I've just noticed a new installation that Ubuntu does not have gawk
installed by default.
Therefore all my awk expressions containing word border markers : "<", ">" don't work at all, example:
$ readlink -e $(which awk)
/usr/bin/mawk
$ echo "word1 Bluetooth word3" | awk '/\<Bluetooth\>/'
$
EDIT0 : On another system where gawk
is installed, it works :
$ readlink -e $(which awk)
/usr/bin/gawk
$ echo "word1 Bluetooth word3" | awk '/\<Bluetooth\>/'
word1 Bluetooth word3
$
EDIT1 : Moreover mawk
shows strange behavior :
$ echo word1 word2 word3 | mawk '/^\w+/{print$1}'
word1
$ echo sebastien1 abc toto | mawk '/^\w+/{print$1}'
Here are some of the escapes sequences gawk
understands :
$ man gawk | grep '\\[yswSW<>].*Matches'
\y Matches the empty string at either the beginning or the
\< Matches the empty string at the beginning of a word.
\> Matches the empty string at the end of a word.
\s Matches any whitespace character.
\S Matches any nonwhitespace character.
\w Matches any word-constituent character (letter, digit, or
\W Matches any character that is not word-constituent.
EDIT2 : Ed Morton
is right, mawk
does not understand \w
nor the other espaces sequences that gawk
does understand :
$ man mawk | grep '\\[yswSW<>]'
$
Is there way of matching words that works for both mawk
and gawk
?
Depends what you want to do with the match but this might be adequate:
$ echo "word1 Bluetooth word3" | awk '/(^|[^[:alnum:]_])Bluetooth([^[:alnum:]_]|$)/'
word1 Bluetooth word3
There is no common escape sequence that means "word boundary" in all awks or even just in POSIX awks.
If that's not all you need then edit your question to better explain what you want to do with the matching string and provide sample input/output that demonstrates that usage.
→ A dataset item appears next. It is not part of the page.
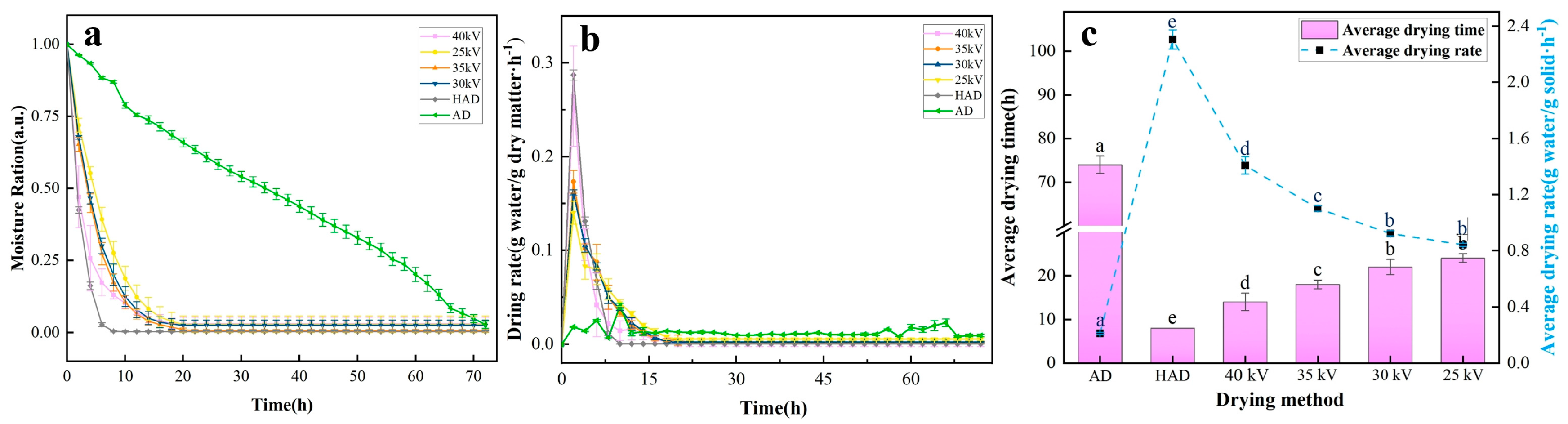 Agronomy 15 00408 g004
Regarding your edit - mawk isn't showing strange behavior. You're asking it to find a line that starts with 1 or more w
s (w
is a literal char and \w
is also still that same literal char) and print the first field from that line. The first line you test with starts with w
, the second one doesn't.
If you're trying to match word-constituent characters (which is what \w+
would do in gawk) then use [[:alnum:]_]+
in a POSIX awk or [a-zA-Z0-9_]+
in any awk assuming those character ranges are correct for your locale. If you wanted to print the word that matches that regexp then it'd be:
$ echo 'sebastien1 abc toto' |
awk 'match($0,/^[[:alnum:]_]+/){print substr($0,RSTART,RLENGTH)}'
sebastien1